Namun sayangnya, hingga saat ini Indonesia masih berperan sebagai konsumen produk halal dunia, bahkan menjadi yang terbesar di antara negara-negara mayoritas muslim lainnya. Di tahun 2018 saja Indonesia membelanjakan 214 miliar US Dollar untuk produk halal, atau mencapai 10 persen dari pangsa produk halal dunia.
"Indonesia masih banyak mengimpor produk-produk halal dari luar negeri. Indonesia selama ini hanya menjadi konsumen dan “tukang stempel” untuk produk halal yang diimpor," ungkapnya.
Untuk itu, pada kesempatan ini wapres mengajak berbagai pemangku kepentingan untuk bersungguh-sungguh bergerak menjadikan Indonesia tidak lagi sebagai konsumen tetapi sebagai produsen dan eksportir produk halal terbesar di dunia.
Adapun beberapa langkah strategis yang dapat dilakukan, menurut wapres: pertama, menguatkan industri produk halal melalui pembentukan kawasan-kawasan industri halal maupun zona-zona halal di dalam kawasan industri yang sudah ada, sehingga kapasitas produksi produk halal Indonesia bisa meningkat secara signifikan dan terintegrasi, semakin berkualitas, serta berdaya saing global.
"Kawasan industri halal (KIH) yang tumbuh dan berkembang diharapkan akan menarik perhatian investor global untuk menjadikan Indonesia sebagai global hub produk halal dunia," harapnya.
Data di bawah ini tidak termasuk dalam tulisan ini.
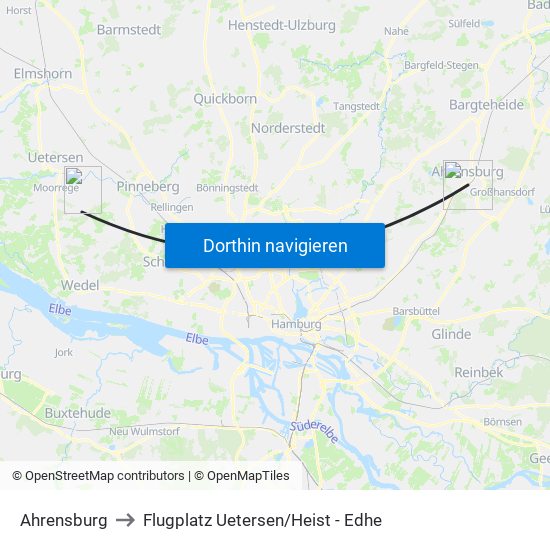 Ahrensburg to Flugplatz Uetersen / Heist - Edhe map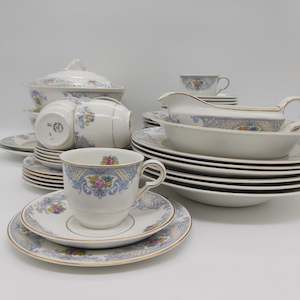 China Brand John Maddock Sons England: John Maddock & Sons - Blue Scrolls & Flowers - 6-setting Dinner Set & Serving Ware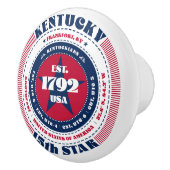 ケンタッキーUS州赤白青タイポグラフィ セラミックノブ (右)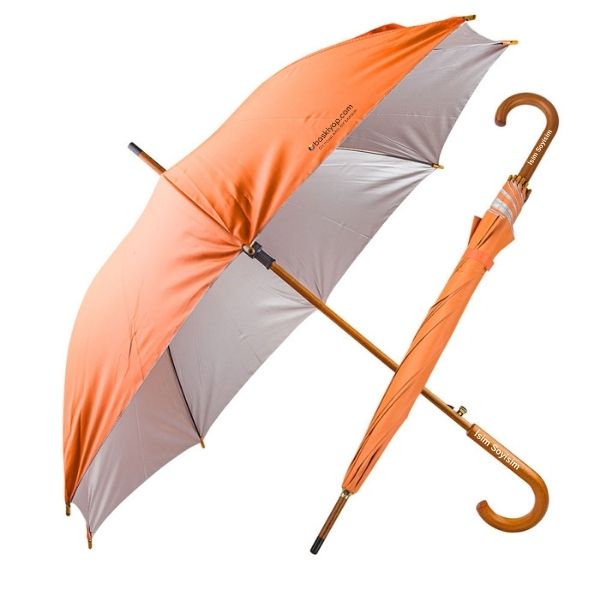 Kişiye Özel Turuncu Baston Şemsiye görsel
Terkait hal ini, terbitnya regulasi Peraturan Menteri Perindustrian (Permenperin) no.17 tahun 2020 Tentang Tata Cara Memperoleh Surat Keterangan Dalam Rangka Pembentukan Kawasan Industri Halal, menurut wapres merupakan langkah awal yang baik untuk berkembangnya kawasan industri halal terpadu di Indonesia. Di mana seluruh layanan yang berhubungan dengan kehalalan produk berada dalam satu atap atau one stop service.
Sampai saat ini sudah ada dua kawasan yang ditetapkan sebagai kawasan industri halal oleh Kementerian Perindustrian yaitu Modern Cikande Industrial Estate di Serang, Banten dan SAFE n LOCK Halal Industrial Park di Kabupaten Sidoarjo, Jawa Timur. "Selain dua kawasan industri halal tersebut, saya menerima laporan bahwa sudah ada 6 kawasan lagi yang mengajukan permohonan penetapan kawasan Industri halal" lanjutnya.
Kemudian langkah strategis kedua adalah membangun data perdagangan Industri Produk Halal yang terintegrasi. Melalui penyatuan database dan kodifikasi untuk mensinergikan data sertifikasi produk halal dengan data perdagangan dan ekonomi, diharapkan statistik data perdagangan dan penganggaran APBN untuk pengembangan industri produk halal dapat terlaksana dan termonitor dengan baik.
"Saat ini data-data produksi maupun nilai perdagangan produk halal Indonesia belum terefleksi dengan jelas dalam management information system (MIS) yang terintegrasi," katanya.
Untuk itu, wapres meminta Menteri Koordinator Bidang Perekonomian untuk mengkoordinasikan hal ini dengan memaksimalkan peran Kementerian dan Lembaga seperti Kementerian Keuangan, Kementerian Perdagangan, Kementerian Perindustrian, Badan Pusat Statistik, MUI dan BPJPH untuk bekerjasama dalam upaya kodifikasi produk halal Indonesia.